Senior gift is a good cause, but the Associates Program should be for graduates only

Ten dollars can buy a variety of things in Harvard Square: one t-shirt from the bargain basement at Urban Outfitters, two burritos, six cups of coffee, or ten copies of Spare Change newspaper. It is also the amount seniors are asked to give to “Senior Gift,” the Class of 2011’s combined contribution to the Harvard College Fund. HCF raises current-use money which goes wherever it is needed most, whether that be financial aid or maintaining the Malkin Athletics Center.

Senior gift, in general, is a good idea. Harvard College is an institution worthy of our support because it largely succeeds as a mechanism for social justice. By the numbers, few schools do as much to empower the middle and working classes. Harvard has embarked on an ambitious financial aid initiative that has brought scholarship to portions of the population that only decades ago were nearly shut out of higher education. Harvard’s broad financial aid program, which strives to prevent students from graduating indebted, has combated the recent hyperinflation of college fees that has mired many young students in debt and forced others away from college completely. Harvard not only promotes socioeconomic mobility but it provides young people who will surely become leaders of industry and politics with valuable critical-thinking skills and exposure to peers from different backgrounds.

Nevertheless there are, of course, arguments against giving to the College. Some people are hesitant to give because of negative experiences during their four years here. Indeed, the Class of 2010 at Dartmouth achieved a 99.9 percent participation rate, with the one holdout being a student who wrote that she did not believe that Darmouth provided a net positive experience to its undergraduates. Additionally, some wish to give to causes that work for social justice in different ways than Harvard does, such as the Red Cross or Oxfam. Others may find it very difficult to give $10. These reasons are personal and legitimate, so no one should ever be harassed into giving to Senior Gift.

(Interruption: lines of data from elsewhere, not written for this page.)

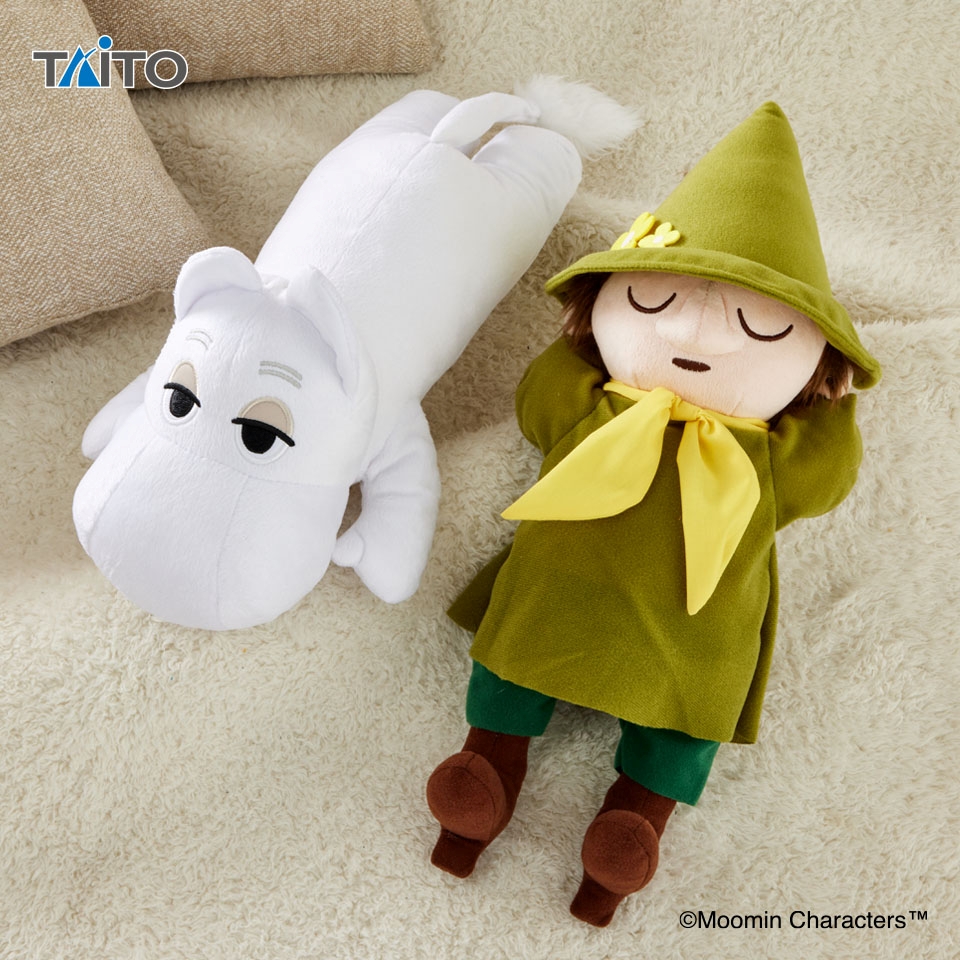 ムーミン SLサイズぬいぐるみ のんびりムーミン＆スナフキン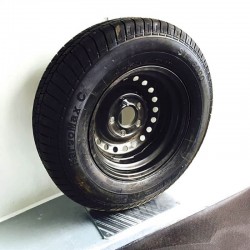 Kit roue de secours 185/65R14 avec support pour fourgon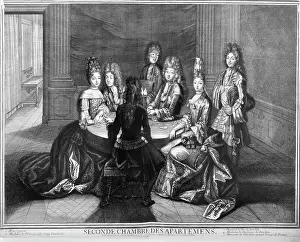 Monseigneur: Gambling at the Palace of Versailles, engraving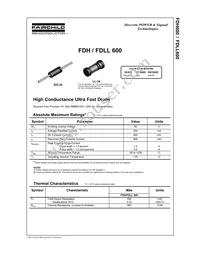 FDH600_T50R Datasheet Cover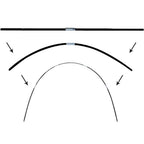 Greenhouse Hoops Set Gardening Folding Fiber Rod Set Arch Shed Bracket Garden Greenhouse Seedling Plant Hoop Grow Tunnel Support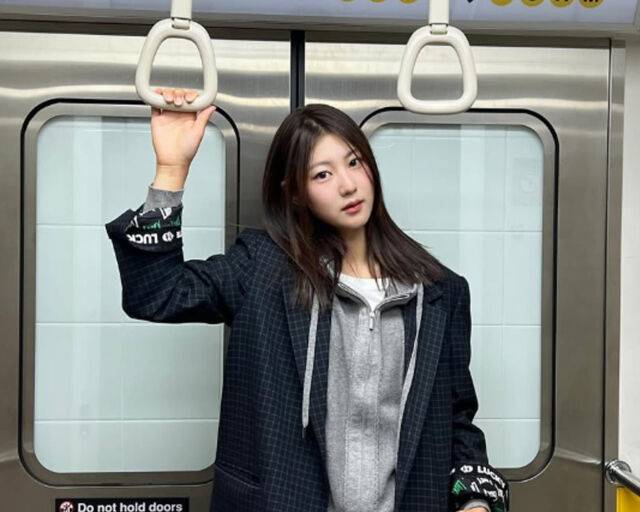 송지아가 골프를 위해 기록과 복습을 반복했다. / 박연수 소셜미디어 캡처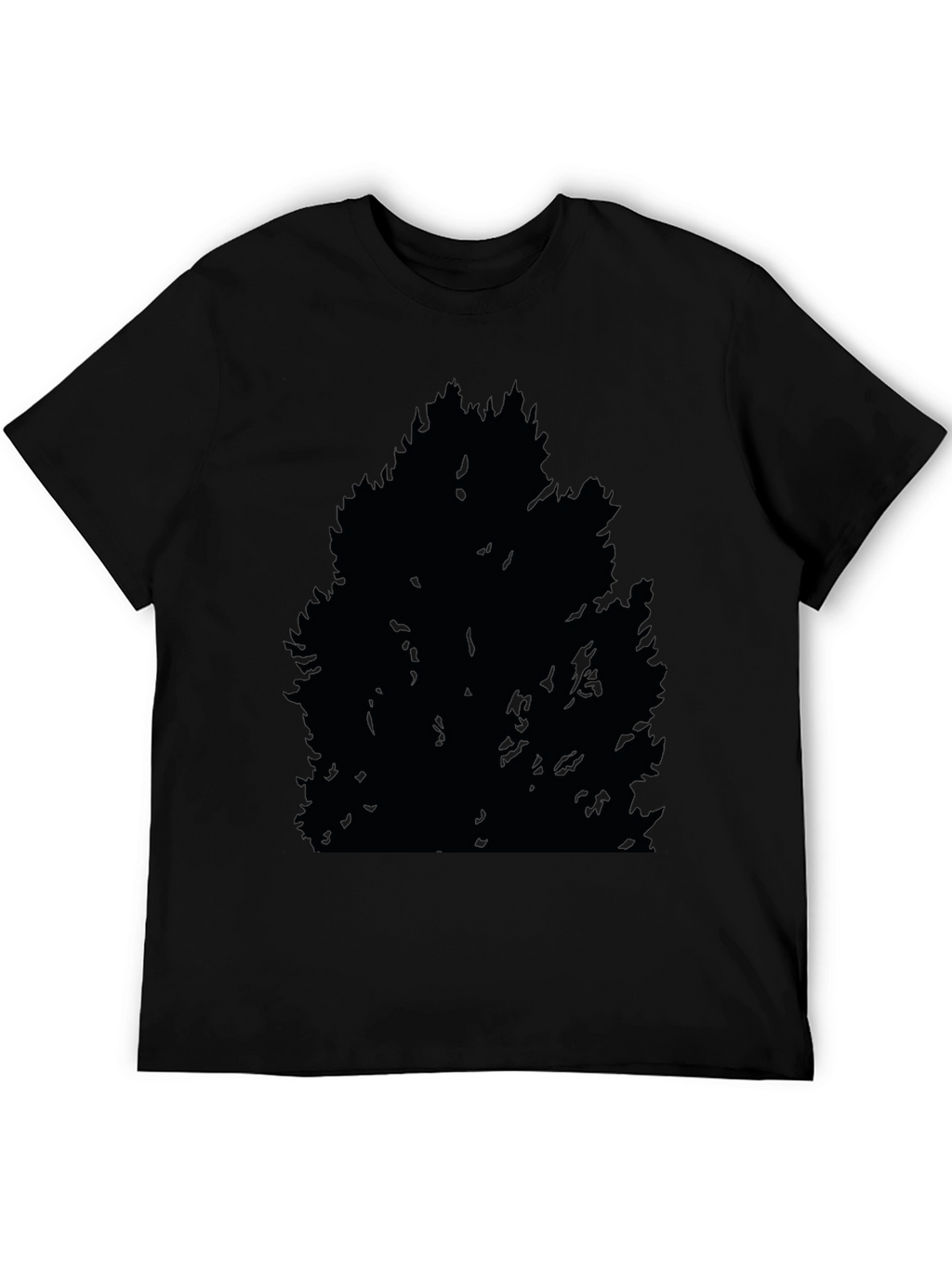 Mens Black Graphic Tee - Abstract Tree Design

This seems obvious, but the line between positive recognition and excessive pestering can be difficult to define. While it is okay to list the names of students who have donated in a House dining hall, it is not okay to sit outside a dining hall with the names of students who have not given and entreat them to when they swipe in for dinner. While it is okay to poster the doors of students who have donated, it is not okay to ask their roommates to join them to give. In the end, it is the attitude that giving is a choice, not a duty that makes Senior Gift a positive experience for all involved.

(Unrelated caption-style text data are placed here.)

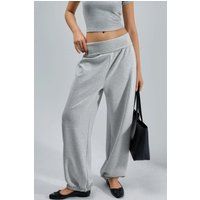 Entspannte Pull-on-Hose mit breitem Bund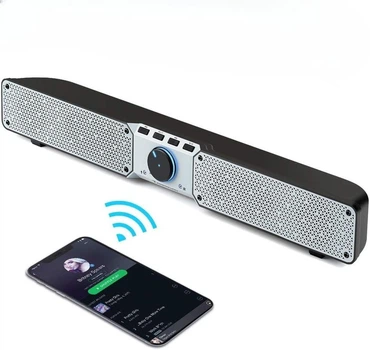 Портативная Bluetooth колонка SOUNDBAR Q10 2×10 Вт басы громкая связь TF USB AUX до 10 часов работы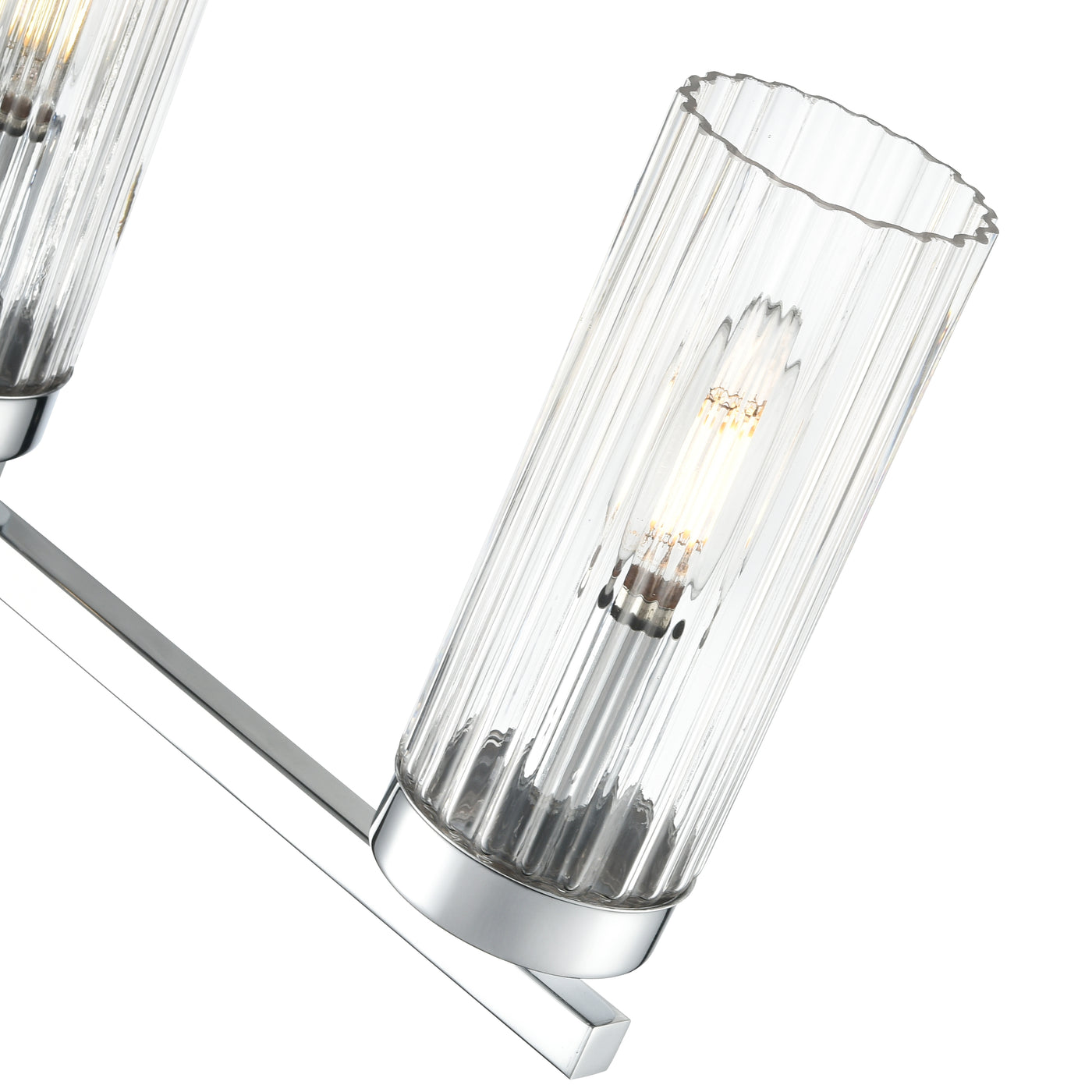 29.75'' Iversen Polished Chrome 4 Light Bath Vanity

A separate issue is the stratification of seniors into regular donors—who give $10—and those in the Associates Program—who give $250 or above. Simply put, this program should not exist. The ability to give $250 as a college student with no income largely reflects one’s pre-Harvard financial background. It is strange that the College tries its utmost to erase socioeconomic barriers within the student body, through financial aid, making all students buy a full meal plan, providing grants for the summer, and in numerous other ways, yet condones a program of divided undergraduate years. This program is particularly harmful because it is implemented at the end of senior year, at a time when students are especially anxious over their career, and possibly making life choices that will yield them less money than their peers. While we understand the value of stratified giving after college, where it is a useful tool for rewarding those who will make big gifts to the school, one’s four years at Harvard should remain sealed off from these realities as much as possible.